In den Augen meiner Mutter machte der seine Sache ausgesprochen gut. Wenige Tage später stand ein knallroter VW Käfer im Hof. Typ 1303, 44 PS, Baujahr irgendwann nach 1974 – dafür aber „unkaputtbar“, wie der fleißige Schrauber damals zu sagen pflegte. Der männliche Teil der Familie war skeptisch. Ich, weil man sich selbst als Fünfjähriger sehr schnell an den Komfort eines Golf GT gewöhnt, und mein Vater, weil er ganz grundsätzlich etwas gegen autofahrende Frauen hatte.
Vorzüge
Meine kindliche Ablehnung war jedoch nur von kurzer Dauer. Schnell zeigt sich, dass der knatternde Familienzuwachs durchaus seine Vorzüge hatte. Die Kombination Handballtraining und strömender Regen verlor Dank Mamas Käfer schnell ihren Schrecken. Gut, dass im Winter der Atem der Passagiere wegen der praktisch nicht existierenden Heizung innen an den Scheiben fror, war schon störend – dafür war unser Käfer das einzige Auto, das selbst bei eisigsten Temperaturen ansprang.
Quäkendes Radio
Auch wenn es abgedroschen ist – Mamas Käfer lief und lief und lief. Immer. Es mag das eine oder andere Husten, Stottern oder Rasseln gegeben haben. Nur gehört hat es eben keiner. Entweder wurden die Nebengeräusche durch die Motorgeräusche überknattert oder vom Gequäke des erbärmlichsten Radios übertönt, das jemals in ein Auto eingebaut wurde. Ich glaube es war von Grundig und bestand aus dem gleichen Material wie das restliche Armaturenbrett: schwarzes Ekel-Plastik. Fortdauernder Musikgenuss war mit diesem Geniestreich deutscher Ingenieurskunst praktisch unmöglich. Teilweise wechselten die Sender von Schlagloch zu Schlagloch.
Das Gepäckfach
Auf der Rückbank kam davon wenig an. Dort warteten ganz andere Freuden. Der Sitzbezug aus schwarzem Kunstleder, zum Beispiel – von meiner Mutter nur notdürftig mit einer blauen Häkeldeckel verhüllt. Oder der schon fast legendäre Gepäckschacht hinter der Rücksitzlehne. Aus irgend einem Grund hatte diese mit groben Teppich ausgeschlagene Wanne eine unwiderstehliche Anziehungskraft auf mitreisende Kinder. Kaum eingestiegen, und schon saß irgend jemand zwischen überzähligen Einkaufstüten, alten He-Man-Figuren, einem Abschleppseil und dem Starthilfekabel. Den hinter uns fahrenden Verkehrsteilnehmern brachte diese Praxis den einen oder anderen Winke-Winke-Gruß ein, meiner Mutter diverse Verwarnungen der Verkehrspolizei.
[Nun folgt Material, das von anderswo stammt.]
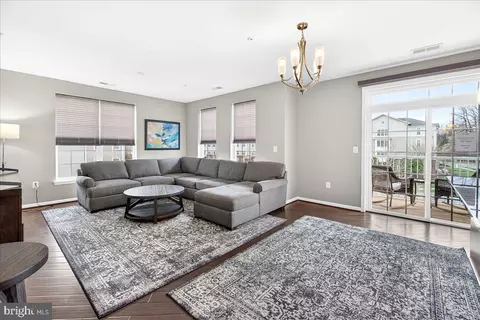Other - 3911 Doc Berlin Dr #37, Silver Spring, MD 20906 photo 3 of 11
Der rote Käfer begleitet uns viele Jahre lang, bis ein böswilliger TÜV-Gutachter es ganz und gar nicht komisch fand, dass sich der Unterboden unseres Buckel-Porsche langsam auflöste. Mit den notwendigsten Reparaturen versorgt, leistete unser Käfer einem selbständigen Schreiner noch einige Jahre gute Dienste – ohne Rückbank und Beifahrersitz.
Ich habe nie wieder ein ähnlich hässliches Armaturenbrett, einen vergleichbar lauten Motor und eine derart desaströse Heizung erlebt – und nie wieder so viel Spaß gehabt wie in Mamas Käfer.